A estas alturas, más de un lector estará pensando: «Todo esto ya se probó en el pasado…y no trajo nada bueno». Y así fue. La Alemania de Hitler tomó como referencia las tesis de Keynes para acabar con la brutal depresión económica que el país había sufrido durante la República de Weimar. Y la intervención del Estado fue creciendo y anexionado todos y cada uno de los espacios de la vida privada de los ciudadanos, hasta convertir Alemania en la dictadura nazi que espantó al mundo. Algo similar ocurrió bajo el comunismo, hasta el punto de que el propio Keynes se declaró en contra de los ideales marxistas de eliminación de la propiedad privada de los medios de producción («Si la revolución llega al Reino Unido, me encontrará del lado de la burguesía bien educada»), advirtiendo de que el principal riesgo de su modelo económico era que la expansión del poder del Estado podría terminar dando como resultado la creación de regímenes totalitarios. Como Keynes, Sandel plantea sus temores respecto a su propio sistema: «La preocupación liberal encierra, de todos modos, una advertencia que no se puede ignorar: la política republicana es arriesgada porque es una política sin garantías individuales […]. Atribuir a la comunidad política un interés en cómo sea el carácter de sus ciudadanos equivale a admitir la posibilidad de que malas comunidades formen carácteres malos. El poder disperso y la multiplicidad de escenarios de formación cívica pueden prevenir esos peligros, pero no eliminarlos. Esa es la parte de verdad que contiene la queja de los liberales contra el republicanismo político».

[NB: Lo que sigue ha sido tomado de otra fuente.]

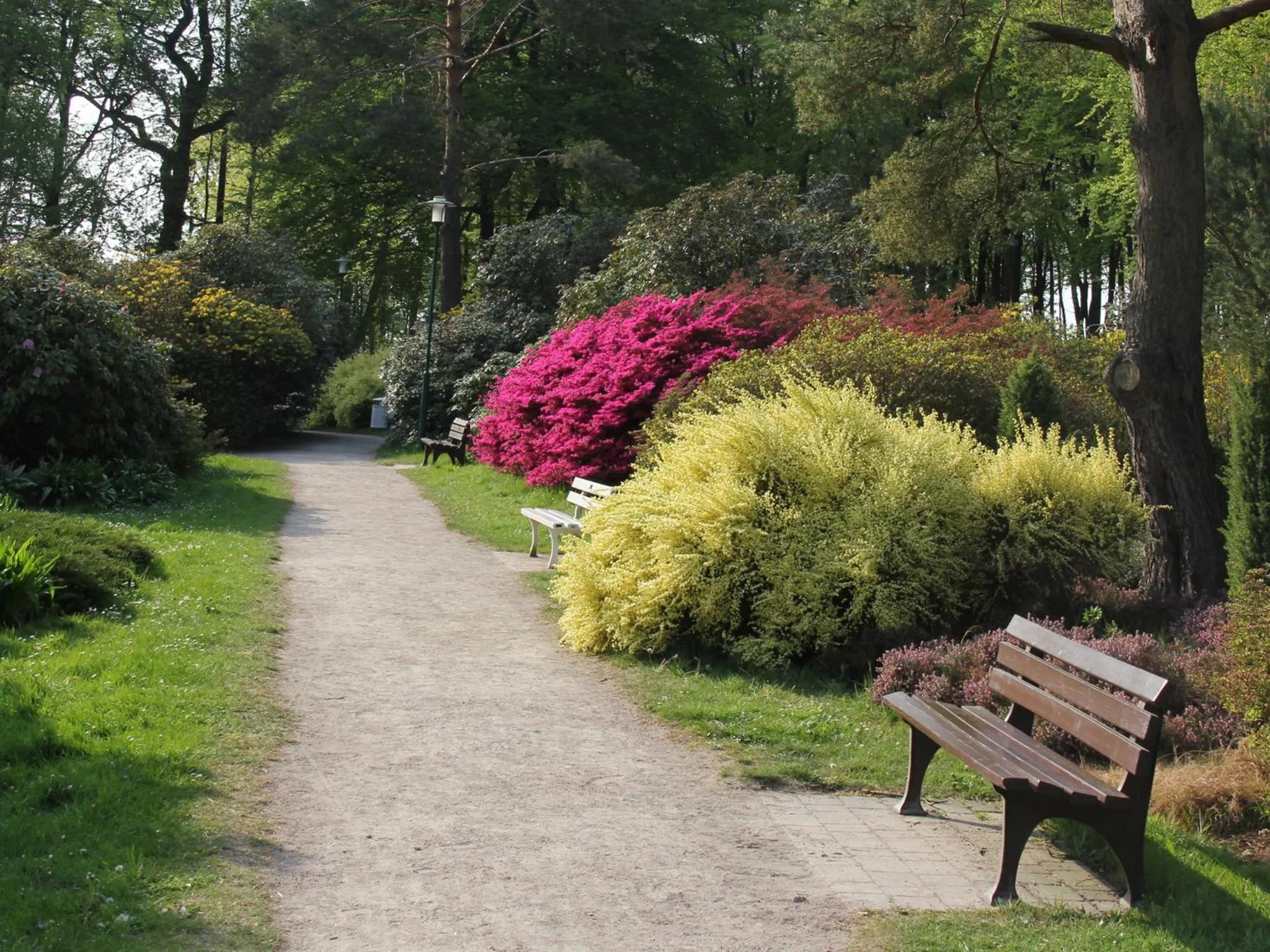 Facade/entrance in Hotel Ostseewoge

No obstante, Sandel apuesta por su modelo, pues ve en nuestra época importantes diferencias respecto a los tiempos pretéritos. El principal, la existencia de un mundo interconectado y globalizado como nunca antes ha ocurrido en la historia. Si, pese a los fracasos totalitarios del siglo pasado, sus tesis demostraron que fortalecer gobiernos podría resucitar economías dañadas y cultivar sentidos propios de identidad nacional comunitarios, tal vez la clave sea ampliar el espectro de aplicación del principio. No mirar a aplicaciones nacionales, sino mundiales. Crear y reforzar un auténtico sistema de gobierno mundial que cultive el correspondiente sentido de una ciudadanía global y cosmopolita. Pero, ¿y si eso desemboca en la dictadura global? Sandel opina que, sencillamente, no podremos saberlo hasta que ocurra.
«No hay garantía alguna de que las rebeliones resultantes sean beneficiosas o saludables. Habrá quienes, hambrientos de relato, se sentirán arrastrados hacia el alimento vacío y vicario, al sensacionalismo de los programas de entrevistas con “grandes” confesiones, o de los escándalos de los famosos, o de los juicios espectáculo. Otros se refugiarán en el fundamentalismo. Pero la esperanza para los tiempos que corren reside más bien en aquellas y aquellos que sean capaces de reunir la convicción y la contención necesarias para interpretar nuestra situación y reparar la vía cívica de la que depende la democracia».